Einige dieser Werke wurden unterirdisch angelegt, andere unter freiem Himmel.

Wie der Autor zeigt, bietet das Bauen unter der Erde neue und sehr interessante Wege. Freiliegende Industriebauten stellen insofern ein heikleres Problem dar, als die Nähe von Ansiedlungen oder Touristenzentren für die Wahl der Konstruktionssysteme ausschlaggebend ist, die oft unter dem Einfluß des von der Vorstellung des Architekten geschaffenen traditionellen Modus’ stehen. Diese Art von Anpassung, des Werkes an ein besonderes Klima, hält, weit davon entfernt, eine moderne Auffassung des zu schaffenden Ganzen zu verhindern, im Gegenteil eine gültige Tradition aufrecht, die es verdient, erhalten zu werden.
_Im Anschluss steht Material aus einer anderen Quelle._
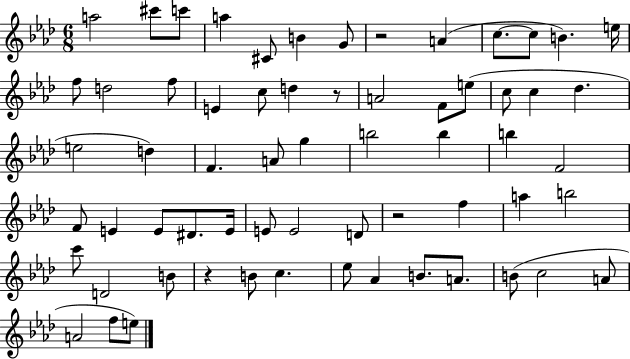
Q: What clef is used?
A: treble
Der Architekt führt danach die verschiedenen, diesen industriellen Bauten mit ihren besonderen Normen eigenen Probleme an. Das menschliche Problem hat eine spezielle Bedeutung und der Komfort des Personals, das im Innern dem ständigen Kontakt mit geräuschvollen Maschinen ausgesetzt ist, mußte besonders berücksichtig werden. Vor den Gebäuden breitet sich die Schönheit der Alpenlandschaft aus; im Winter drohen aber auch Schnee, Sturm und Lawinengefahr.

Der Artikel schließt mit einem Bericht über die Anlage der unmittelbaren Umgebung dieser Werke, die der Natur am Ende der Arbeiten gewissermaßen wiedergegeben wurden und es wird dem Architekten gewünscht, mit ähnlichen Projekten in Berührung zu kommen. Sie werden ihnen neue Freuden in einem wunderbaren Beruf, der Tag für Tag zur Lösung neuer Probleme auffordert, schenken.